I recall that formative experience well, because it was my first time being a part of a comprehensive campaign and I didn’t know what I didn’t know. My position was jointly funded, half by the unit and half centrally through the university’s foundation. I was embedded in the unit and dual-reported to the dean and a senior administrator at the foundation, who served as a de facto consultant for us.
All of the chief development officers met monthly. Once the campaign was in full swing, the centerpiece of those meetings was reviewing and discussing progress on our unit-level fundraising goals, which all contributed toward the larger university campaign goal. I won’t forget the occasional sweaty palms from those meetings, but I appreciated—perhaps more so in retrospect—the sense of community with my fundraising counterparts, learning together and from one another’s experiences. Some fellow fundraisers have remained strong colleagues throughout various professional moves for each of us over the years.
Among the reasons for the dual-reporting, dual-funding structure was to ensure that our work didn’t stray from the cultivation, solicitation, and stewardship of donors. Schools and units were thinly staffed in external affairs. Many of our positions were new, including mine; we were each working to build a development program and infrastructure for major gifts fundraising. Understandably, the foundation didn’t want our roles to evolve into special event planning or “other duties as assigned” by the dean.
This more centralized model for development remains common in higher ed, but it’s far less prevalent for marketing. Why?
The difference comes down to goals.
Whether you were the development director at the school of engineering or the library or—in my case—a branch campus, my counterparts and I were all trying to do the same thing: generate private support from individuals, foundations and corporations to advance the university and our particular unit. While our cases for support differed across units, the measure of success (in gifts and pledges) was the same.
Now compare that to marketing departments. Across an institution, marketing goals can vary significantly, depending on the unit. Academic schools and colleges are focused on everything from graduate enrollment to academic program rankings, while athletics and performing arts marketers are fixated on attendance and experience metrics. Still other units—from student affairs to the library—are trying to reach and move internal audiences to action.
A myriad of marketing objectives from unit to unit can result in a hodgepodge of marketing strategies and tactics and thus missed opportunities for needed efficiencies and overall effectiveness spanning the institution.
What I valued about our development community “back in the day” went beyond just the shared goals.
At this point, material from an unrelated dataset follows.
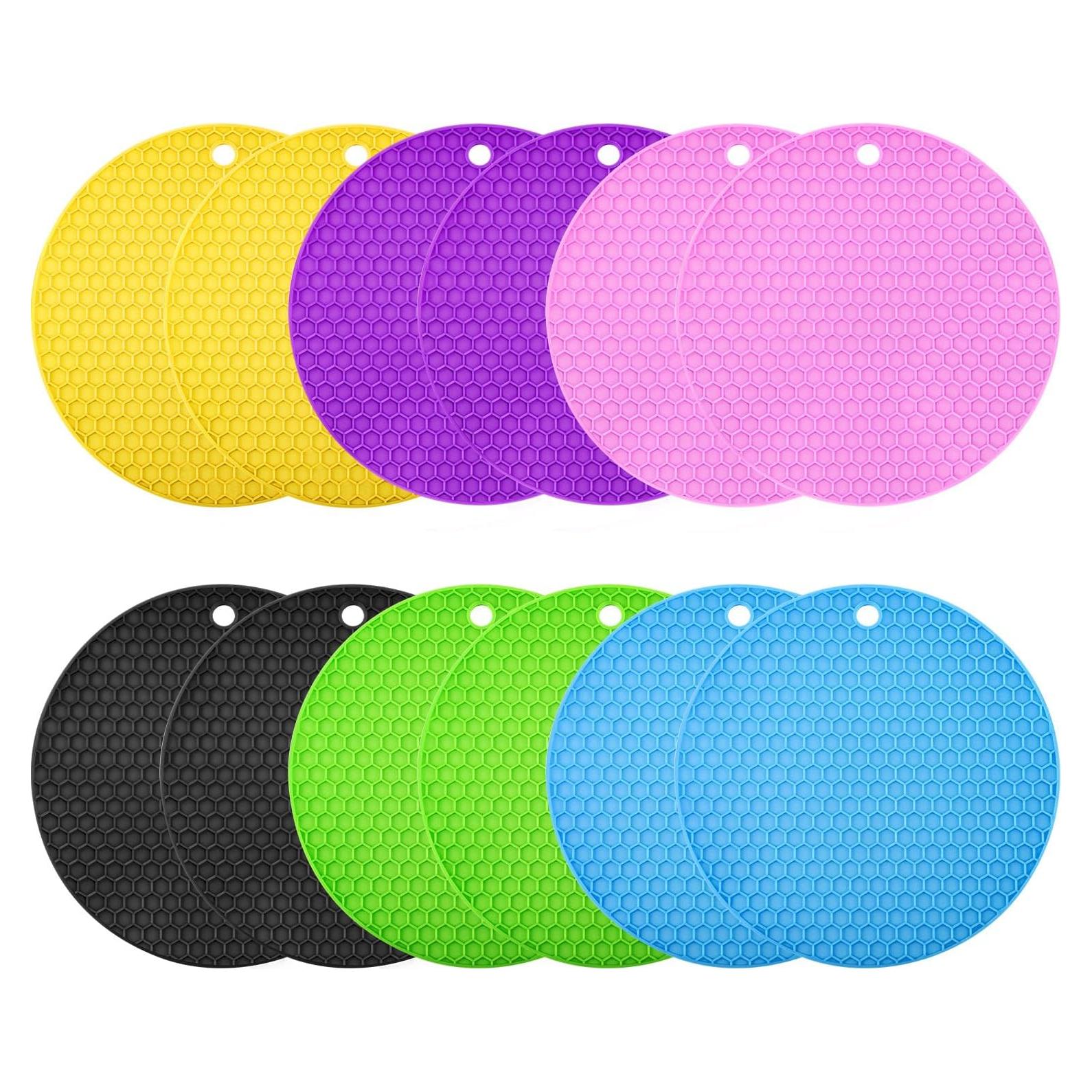 Alfombrillas de Silicona Boao 6 Piezas Antideslizantes 18x18cm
It was the shared understanding of our work and the shared culture of how we worked. For instance, no matter the unit, every development officer understood what effective stewardship meant and looked like. Can the same be said of every marketer at your institution regarding an integrated constituent journey?
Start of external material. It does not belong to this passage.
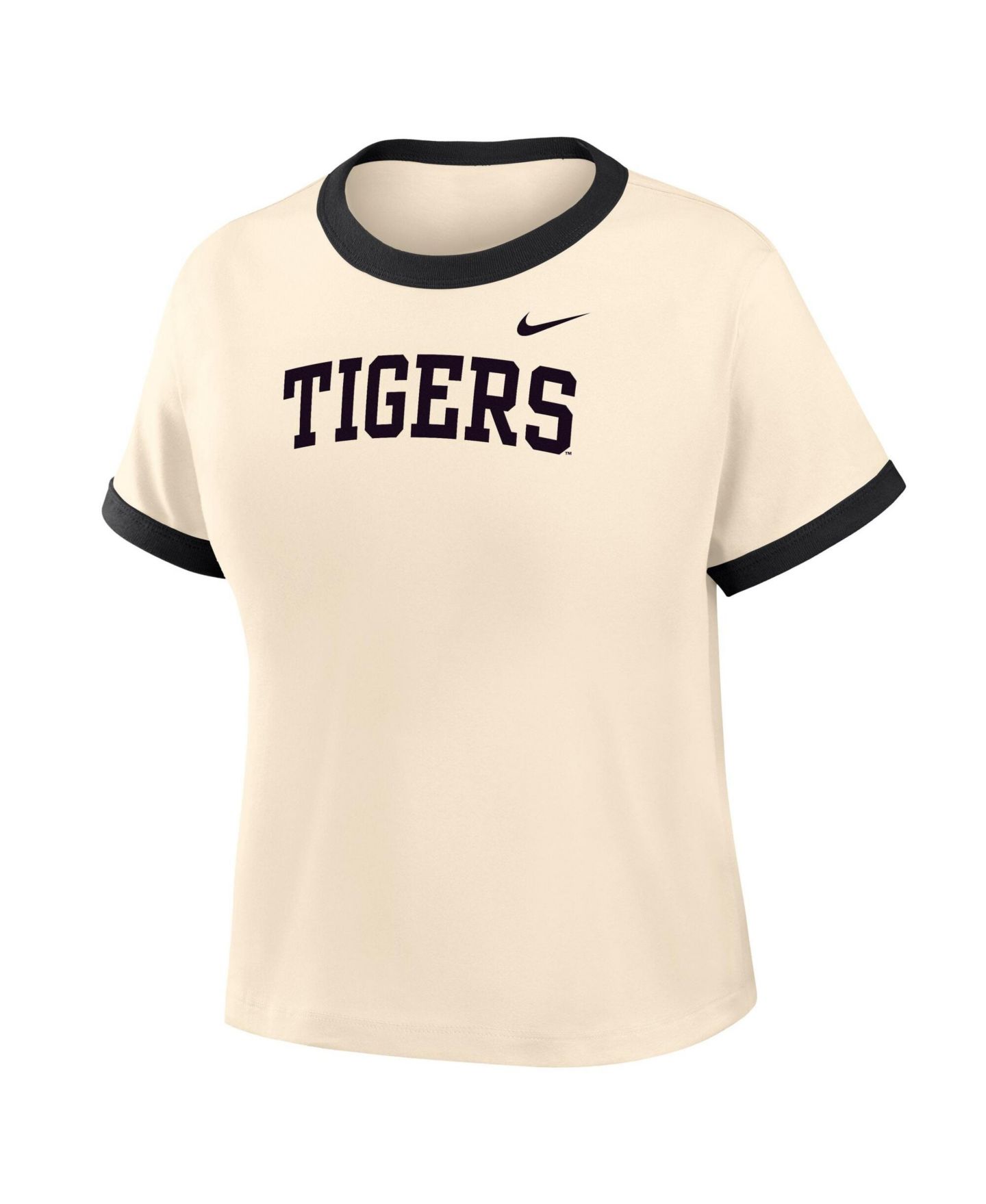 Женская футболка Nike Natural Missouri Tigers Ringer Mod Cropped — фото 1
I also found the clear delineation of responsibilities to be helpful. That is, major gift fundraising was priority one for unit-level chief development officers. Centrally, the foundation handled scalable work (such as direct marketing for annual giving) and provided specialists as needed. Every school and unit, for example, did not need a gift planning attorney, but that resource and expertise were available to us as needed. Has your college or university established the core marketing capabilities that should exist at the institution level and at the unit level?
Whether marketing has a reporting line from the units to the center or not (and we would advocate for more institutions to explore versions of hybrid structures seen in advancement), it is incumbent on the CMO or VP to move the institution in a direction of shared goals for marketing. Your institution’s strategic plan should be the first place to look. (We’ll have much more to say about higher ed strategic plans in the months ahead with forthcoming RHB research analyzing thousands of pages of college and university strategic plans.) We’ve even seen examples of plans with specific goals related to marketing and communication. One strategic plan goal from a land-grant university was to enhance communications about its strength in research, innovation and entrepreneurship and the impact of those activities on local, state, national and international communities. The work of all—or certainly most—marketing departments at that university can ladder up to this common goal and guiding light.
It’s not about “centralization” per se, but wouldn’t institutions benefit if the totality of their marketing took a more integrated, cohesive, coordinated approach? This future state is the exciting, challenging work of a higher ed CMO, providing important leadership to evolve an institution from a collection of disparate marketing activities to a unified marketing organization.
The ingredients are the same as the ones I experienced in my early-career advancement work: shared goals, a shared culture and a shared understanding of your work.